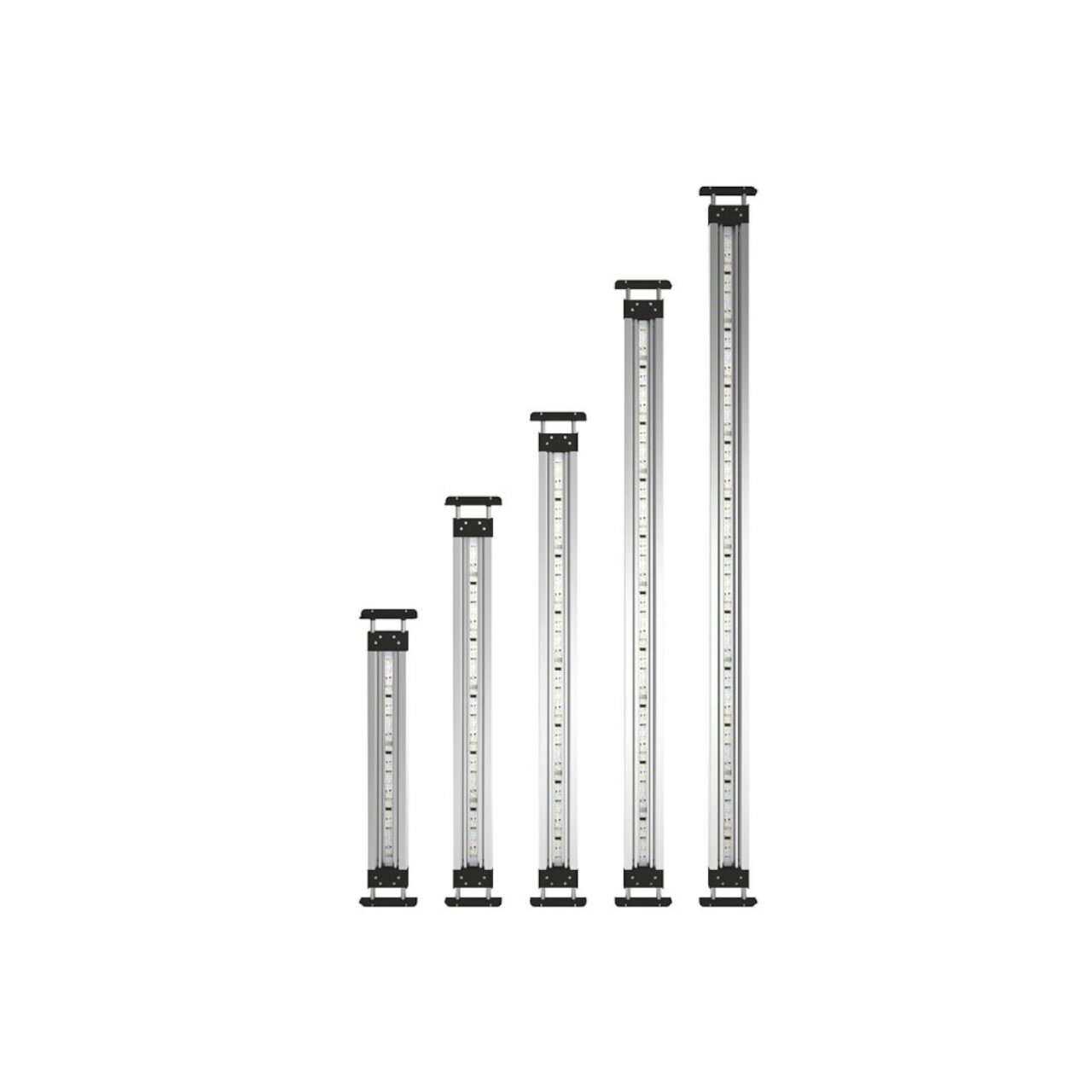 Oase MotionControl LED Set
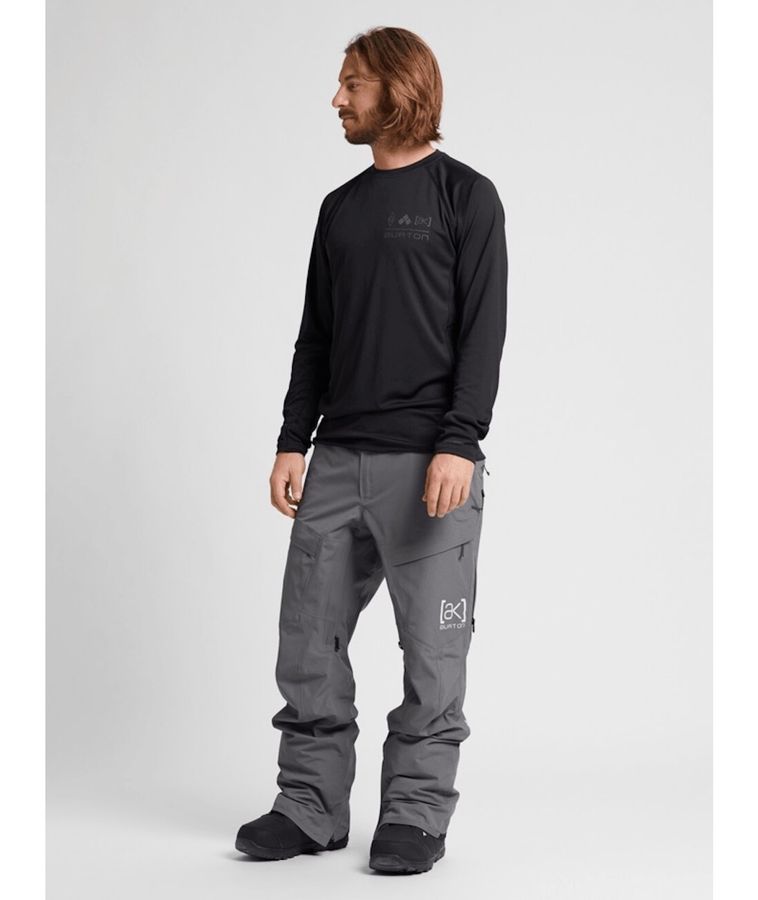 Burton 2023 [Ak] Swash Gore-Tex 2L Pants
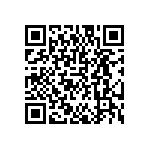 DW-15-20-F-T-840 QRCode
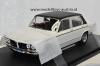 Triumph Dolomite Sprint Limousine 1972 weiss 1:18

____

TASK OBJECTIVE
Please print exactly the lines running from the line with "Burton 2023 [Ak] Swash Gore-Tex 2L Pants" through the final line of the material, and nothing more. Keep pictures out.

FINISHED TASK
 Burton 2023 [Ak] Swash Gore-Tex 2L Pants
 DW-15-20-F-T-840 QRCode
 Triumph Dolomite Sprint Limousine 1972 weiss 1:18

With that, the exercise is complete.